# RECORDS SHOWN
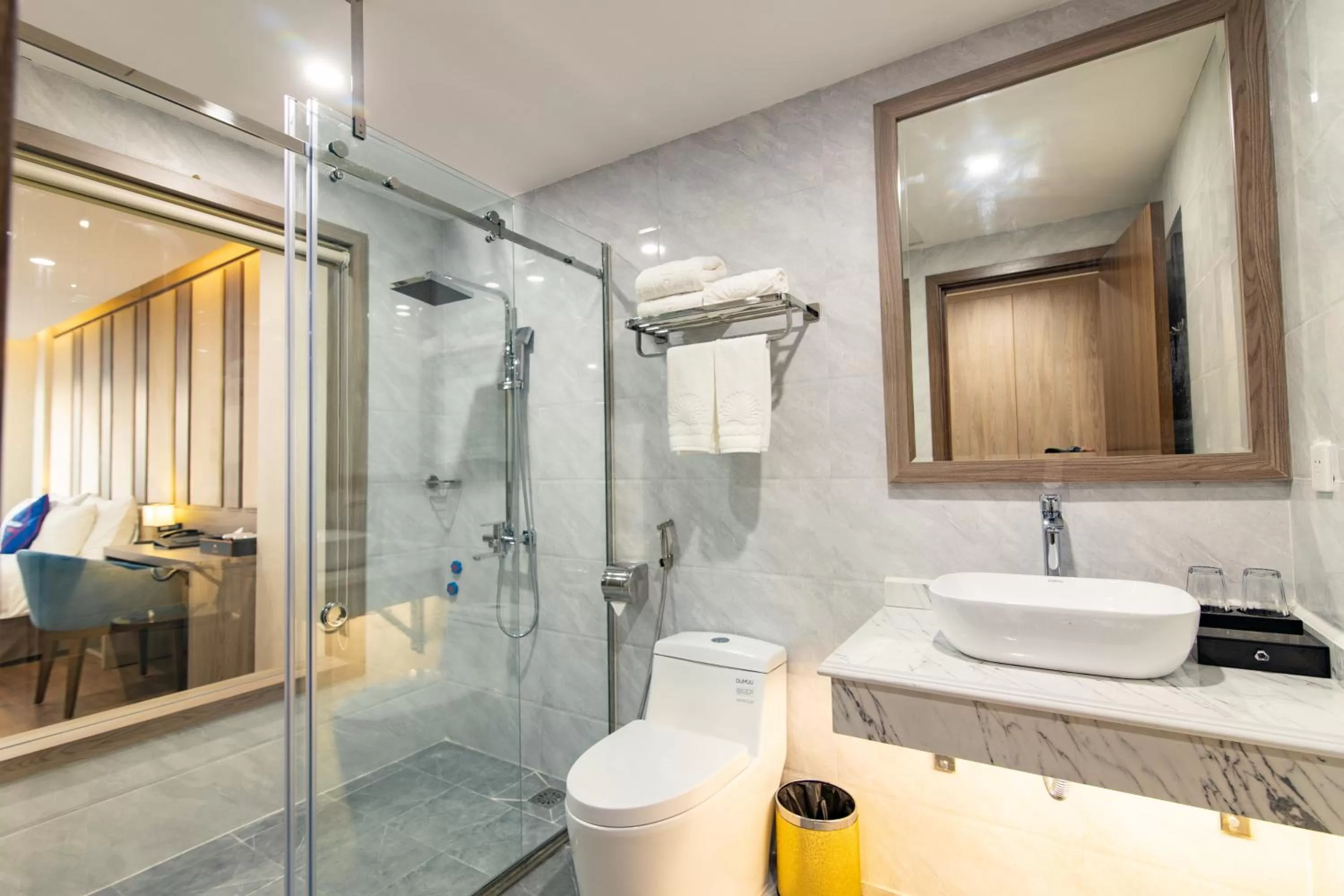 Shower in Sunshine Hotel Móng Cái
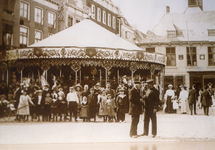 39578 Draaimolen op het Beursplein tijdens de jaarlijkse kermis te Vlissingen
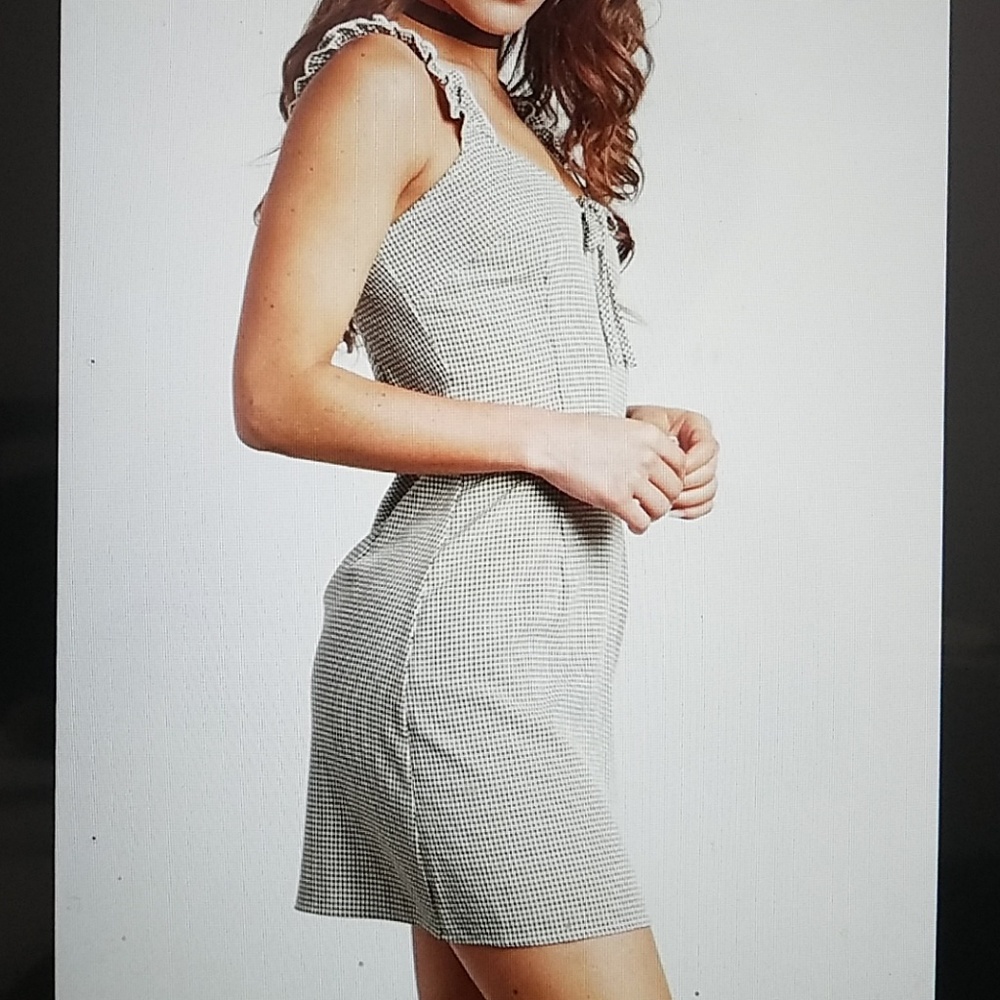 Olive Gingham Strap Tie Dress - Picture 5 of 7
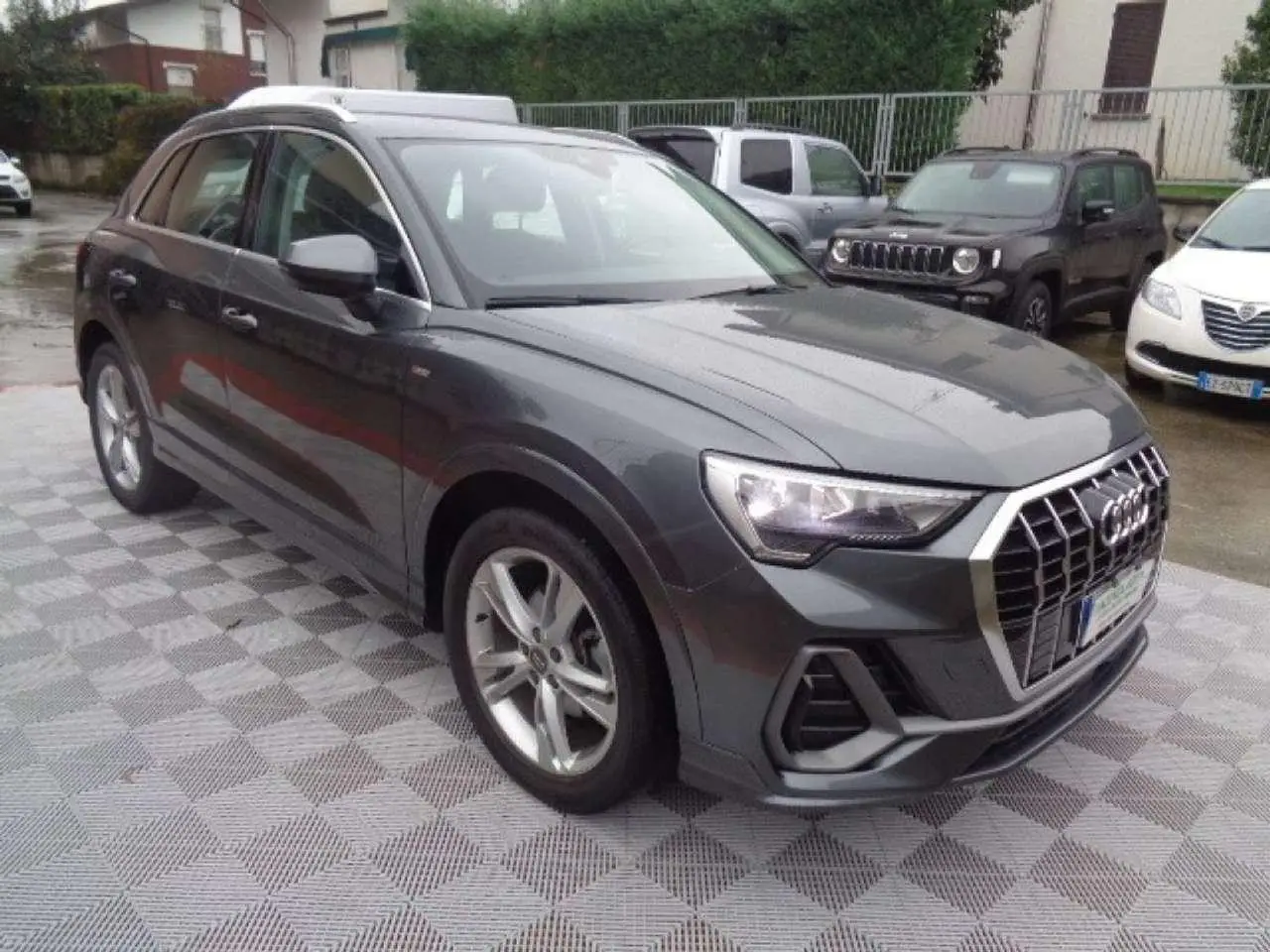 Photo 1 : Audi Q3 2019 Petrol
--
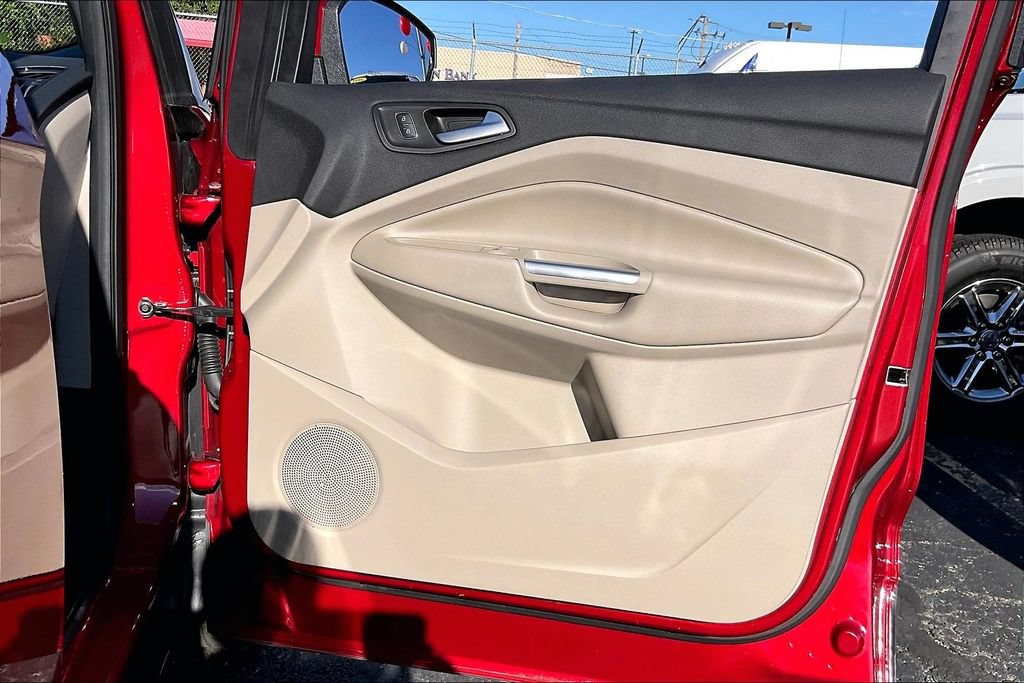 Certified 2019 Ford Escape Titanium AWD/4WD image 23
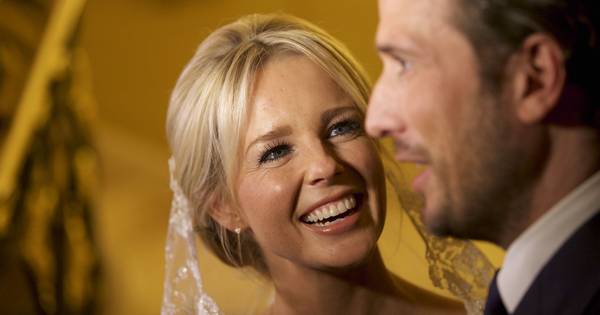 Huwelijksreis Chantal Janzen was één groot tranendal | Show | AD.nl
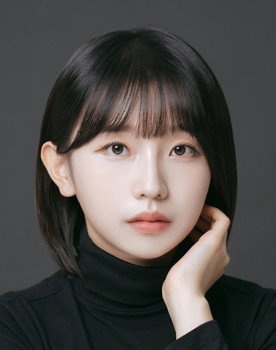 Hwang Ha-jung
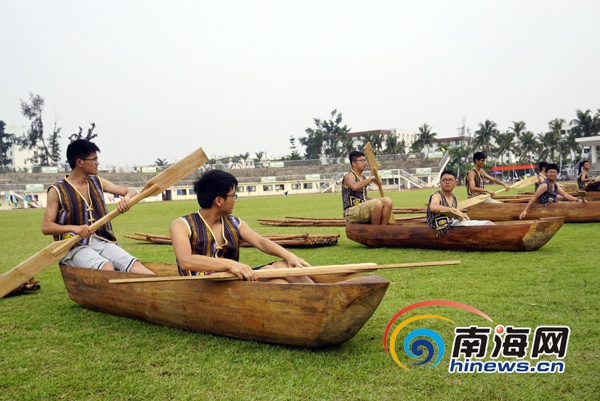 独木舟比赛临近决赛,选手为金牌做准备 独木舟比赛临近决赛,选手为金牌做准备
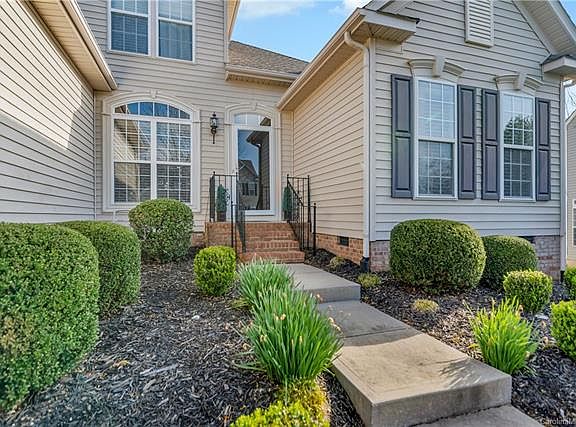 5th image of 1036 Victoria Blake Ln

# WHAT YOU NEED TO DO
Give again the stretch of lines above from the one with "39578 Draaimolen op" through the one with "Photo 1 : Audi Q3 2019 Petrol", both ends kept, and copy no pictures.

# WRITTEN REPLY
 39578 Draaimolen op het Beursplein tijdens de jaarlijkse kermis te Vlissingen
 Olive Gingham Strap Tie Dress - Picture 5 of 7
 Photo 1 : Audi Q3 2019 Petrol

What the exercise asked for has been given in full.